If you need to troubleshoot it, log into your node and run

# journalctl -b _EXE=/usr/bin/coreos-cloudinit.

If you make any change after the initial node setup, you can re-run it

# sudo coreos-cloudinit --from-file <USER-DATA-PATH>

Ignition

If you prefer to use the latest tooling instead, called Ignition, it’s documented over here. It runs earlier in the boot process, once in the initramfs when coreos.first_boot=1, it could then do more then it’s counterpart, like disk partitionning and network config for example.

Ignition is being actively developed, consult the list of supported platforms to see if your platform is supported.

Cloud-config uses YAML while Ignition Config is using JSON. But CoreOS provides a Config transpiler (ct) to simplify the process of writting such a configuration file in YAML instead, now called the Container Linux Config, which is a more human readable format then JSON.

Here is an example of such a Container Linux Config file for Packet bare metal cloud

systemd:
  units:
    - name: etcd2.service
      enable: true
      dropins:
        - name: metadata.conf
          contents: |
            [Unit]
            Requires=coreos-metadata.service
            After=coreos-metadata.service

            [Service]
            EnvironmentFile=/run/metadata/coreos
            ExecStart=\nExecStart=/usr/bin/etcd2 \
                --advertise-client-urls=http://${COREOS_PACKET_IPV4_PRIVATE_0}:2379 \
                --initial-advertise-peer-urls=http://${COREOS_PACKET_IPV4_PRIVATE_0}:2380 \
                --listen-client-urls=http://0.0.0.0:2379 \
                --listen-peer-urls=http://${COREOS_PACKET_IPV4_PRIVATE_0}:2380 \
                --discovery=https://discovery.etcd.io/<token>

Such a YAML file cannot use variables, instead you can specify systemd unit file which leverage an Environment file populated by coreos-metadata which fetches information about the machine from the hypervisor or cloud provider. This is currently compatible with Azure, DigitalOcean, Amazon ec2, Google Compute Engine and Packet.
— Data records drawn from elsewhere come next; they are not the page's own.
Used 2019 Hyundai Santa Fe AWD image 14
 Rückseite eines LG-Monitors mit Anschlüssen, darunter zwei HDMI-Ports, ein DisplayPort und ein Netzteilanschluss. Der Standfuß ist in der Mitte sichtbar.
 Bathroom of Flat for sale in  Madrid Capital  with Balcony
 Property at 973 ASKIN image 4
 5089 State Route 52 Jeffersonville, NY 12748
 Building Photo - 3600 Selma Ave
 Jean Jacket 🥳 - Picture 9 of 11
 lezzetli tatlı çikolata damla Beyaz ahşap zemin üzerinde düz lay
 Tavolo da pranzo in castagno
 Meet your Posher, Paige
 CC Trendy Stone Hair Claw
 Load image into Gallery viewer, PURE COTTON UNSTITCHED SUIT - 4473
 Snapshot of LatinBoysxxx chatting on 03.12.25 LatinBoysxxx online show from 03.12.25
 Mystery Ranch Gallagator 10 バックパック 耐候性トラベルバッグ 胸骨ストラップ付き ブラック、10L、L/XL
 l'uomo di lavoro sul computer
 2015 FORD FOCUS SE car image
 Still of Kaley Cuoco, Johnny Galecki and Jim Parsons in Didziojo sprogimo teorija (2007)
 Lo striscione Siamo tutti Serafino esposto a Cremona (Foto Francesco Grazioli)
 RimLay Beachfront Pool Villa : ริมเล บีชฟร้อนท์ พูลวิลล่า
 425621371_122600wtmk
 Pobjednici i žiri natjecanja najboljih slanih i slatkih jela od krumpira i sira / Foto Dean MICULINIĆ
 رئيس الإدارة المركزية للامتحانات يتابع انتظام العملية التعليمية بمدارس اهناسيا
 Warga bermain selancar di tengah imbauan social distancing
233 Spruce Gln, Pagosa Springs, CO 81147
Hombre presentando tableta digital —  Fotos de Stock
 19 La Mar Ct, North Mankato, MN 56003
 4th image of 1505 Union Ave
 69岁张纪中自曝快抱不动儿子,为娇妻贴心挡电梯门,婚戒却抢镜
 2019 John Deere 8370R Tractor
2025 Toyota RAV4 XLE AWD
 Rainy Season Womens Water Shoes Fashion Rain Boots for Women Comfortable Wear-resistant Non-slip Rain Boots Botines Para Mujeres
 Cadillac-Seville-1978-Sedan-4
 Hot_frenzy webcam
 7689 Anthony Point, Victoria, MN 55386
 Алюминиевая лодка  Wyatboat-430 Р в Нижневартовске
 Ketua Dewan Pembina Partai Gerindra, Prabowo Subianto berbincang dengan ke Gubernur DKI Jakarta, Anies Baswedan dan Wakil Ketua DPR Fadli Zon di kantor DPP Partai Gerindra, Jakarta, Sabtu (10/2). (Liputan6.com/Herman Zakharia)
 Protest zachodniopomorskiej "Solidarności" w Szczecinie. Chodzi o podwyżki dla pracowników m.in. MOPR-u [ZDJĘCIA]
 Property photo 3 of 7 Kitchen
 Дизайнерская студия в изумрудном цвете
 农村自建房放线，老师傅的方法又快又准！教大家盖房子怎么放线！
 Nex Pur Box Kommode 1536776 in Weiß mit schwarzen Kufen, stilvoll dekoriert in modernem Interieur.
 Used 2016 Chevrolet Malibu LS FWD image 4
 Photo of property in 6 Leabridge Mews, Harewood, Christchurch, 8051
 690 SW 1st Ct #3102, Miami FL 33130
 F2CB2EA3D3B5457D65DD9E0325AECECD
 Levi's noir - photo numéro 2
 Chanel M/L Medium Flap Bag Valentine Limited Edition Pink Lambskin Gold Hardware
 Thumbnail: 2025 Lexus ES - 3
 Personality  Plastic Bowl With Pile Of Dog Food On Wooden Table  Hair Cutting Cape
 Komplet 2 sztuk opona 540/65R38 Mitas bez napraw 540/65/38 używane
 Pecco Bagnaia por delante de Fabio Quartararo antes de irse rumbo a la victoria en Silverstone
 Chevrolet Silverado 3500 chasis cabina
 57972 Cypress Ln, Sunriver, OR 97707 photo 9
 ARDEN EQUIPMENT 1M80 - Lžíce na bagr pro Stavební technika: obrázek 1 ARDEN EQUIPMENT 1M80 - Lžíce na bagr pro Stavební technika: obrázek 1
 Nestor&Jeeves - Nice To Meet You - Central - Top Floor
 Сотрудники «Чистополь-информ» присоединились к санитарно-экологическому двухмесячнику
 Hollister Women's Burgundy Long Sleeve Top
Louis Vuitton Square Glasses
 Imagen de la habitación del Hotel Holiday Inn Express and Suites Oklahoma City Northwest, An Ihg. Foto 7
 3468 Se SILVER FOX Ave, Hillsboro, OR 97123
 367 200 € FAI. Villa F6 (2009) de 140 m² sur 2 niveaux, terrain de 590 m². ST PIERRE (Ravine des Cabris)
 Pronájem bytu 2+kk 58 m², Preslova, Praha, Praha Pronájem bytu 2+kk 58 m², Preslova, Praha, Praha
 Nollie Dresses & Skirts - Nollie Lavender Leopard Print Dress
If you have any issues with Ignition, you troubleshoot it like this

# sudo journalctl --identifier=ignition --all

Partitionning

As you’ve seen in the previous section, you’ll find Container Linux almost anywhere you can imagine.

Container Linux brings a nice trick from the way it’s partitionned. So lets talk about that.

When you install Container Linux for the first time, it’s going to create a partition scheme as shown below.

EFI partition is where the boot loader is actually living, it has a small secondary partition so that legacy hosts that have only a BIOS but not EFI on them can still boot.

/usr

On top of that, Container Linux create two main partitions, USR-A and USR-B, to enable seamless upgrade of the OS. The first time an update gets published by CoreOS, the system will download and stage the image in a /temp directory and do GPG validation to make sure it hasn’t been compromised. It will then place that file in the USR-B partition, when it’s done, we will get a message back that an update is ready to be rolled out with a reboot, signaled by a D-Bus message. During the reboot the EFI bootloader will look at the metadata on USR-A and USR-B, and will make a decision on which one to actually boot, extracted from GRUB configuration. If for some reason the USR-B partition fails to boot, we can fall back to USR-A if necessary. Later on, similarly if another update comes in, same process applies on Partition USR-A which gets a new release. Container Linux is pivoting between these two partitions.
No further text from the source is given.